Customize Care for Patients at High Risk of Chronic Pain with a Dedicated Team

The team consists of a spine clinician (specially trained physical therapist or chiropractor), a health coach with a focus on back pain (“back coach”), and a supervising physician. The spine clinician spearheads the medical plan while the back coach’s work focuses on behavior change interventions to promote adherence to physical therapy, promote physical activity, and aid in transferring self-management skills. The back coach either has demonstrated expertise with motivational interviewing and techniques for chronic disease self-management or receives supplementary training in these techniques. The physician supervises multiple clinician/coach pairs, providing consultative support for complex medical management and referral to specialty services such as surgery if indicated.

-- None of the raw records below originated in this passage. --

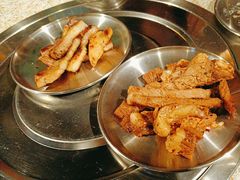 -欧巴烤肉(创富世纪店)
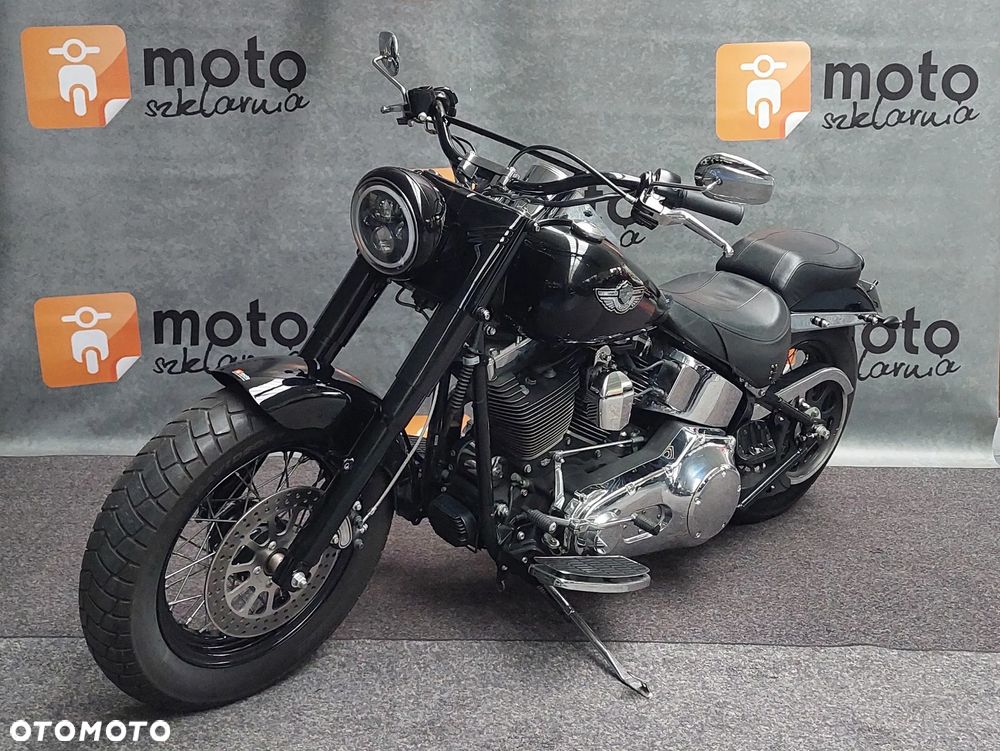 Harley-Davidson Softail Fat Boy - 6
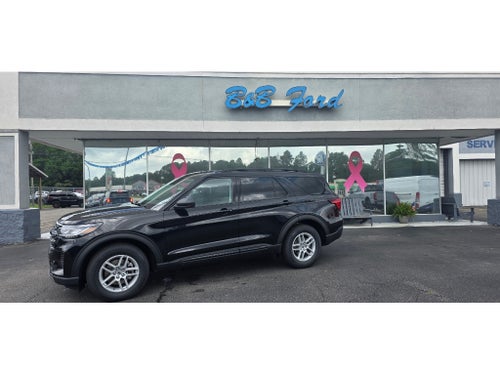 2026 Ford Explorer Active w/200A Pkg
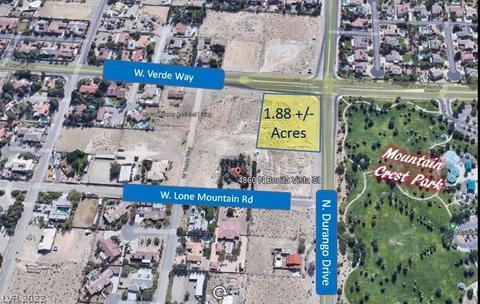 Verde Way, Las Vegas, NV 89149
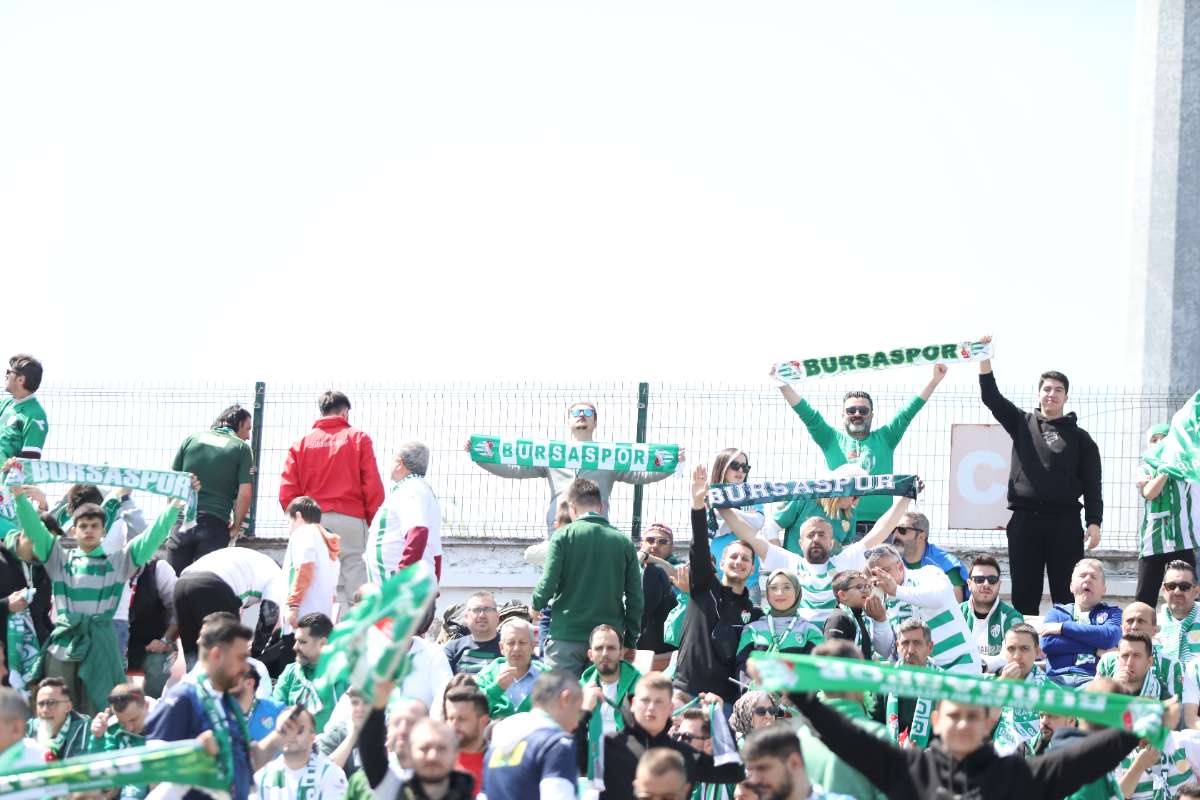 (FOTO GALERİ) Hopaspor-BURSASPOR Şampiyonluk (1)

Enhance Treatment Decisions with Shared Decision-Making Tools for Patients and Electronic Decision Support Aids for Providers

Patients who may have struggled to understand their treatment options use shared decision-making tools, such as videos, to identify their preferences. Decision aids reduce rates of preference-sensitive testing and interventions [10]. A preference-sensitive condition is one in which the decision as to how to treat a condition (or even whether or not to test or treat) is highly subject to the physician or patient’s proclivity for a given choice. In addition to shared decision-making tools for patients, physicians are also given prompt access to guideline-based information as they decide which treatment options best match their patients’ needs.

Forward-thinking health systems have experimented with individual elements of our approach, but we are unaware of any that have achieved the synergistic effects that come with deploying all three simultaneously.

Studies have shown that, for patients with various medical conditions, implementation of either comprehensive, high-touch care teams or decision support tools has been associated with reductions in the use of unnecessary diagnostic testing and preference-sensitive procedures [8,9,11]. Many of these interventions have also been associated with a reduction in health system encounters [8]. It is possible that implementation of the ICE model could lead to increased capacity in primary care clinics and emergency rooms by reducing their backlog of patients with back pain. Thus, depending on the area of spending, we estimated that this model could save between 18.6% to 25.3% (net of implementation cost) within three years of implementation [10–13]. Most importantly, patients will encounter a more coordinated experience and an increased likelihood of regaining normal function. There is an ongoing, multicenter, randomized clinical trial currently being done with implementation of this care model. We urge all value-driven institutions to consider adoption and implementation of the ICE model as they seek to improve care for their patients.

Funding sources: This work was supported by the Stanford Clinical and Translational Sciences Award, UL 1 TR001085, awarded to Dr. Matula for the 2014-2015 academic year.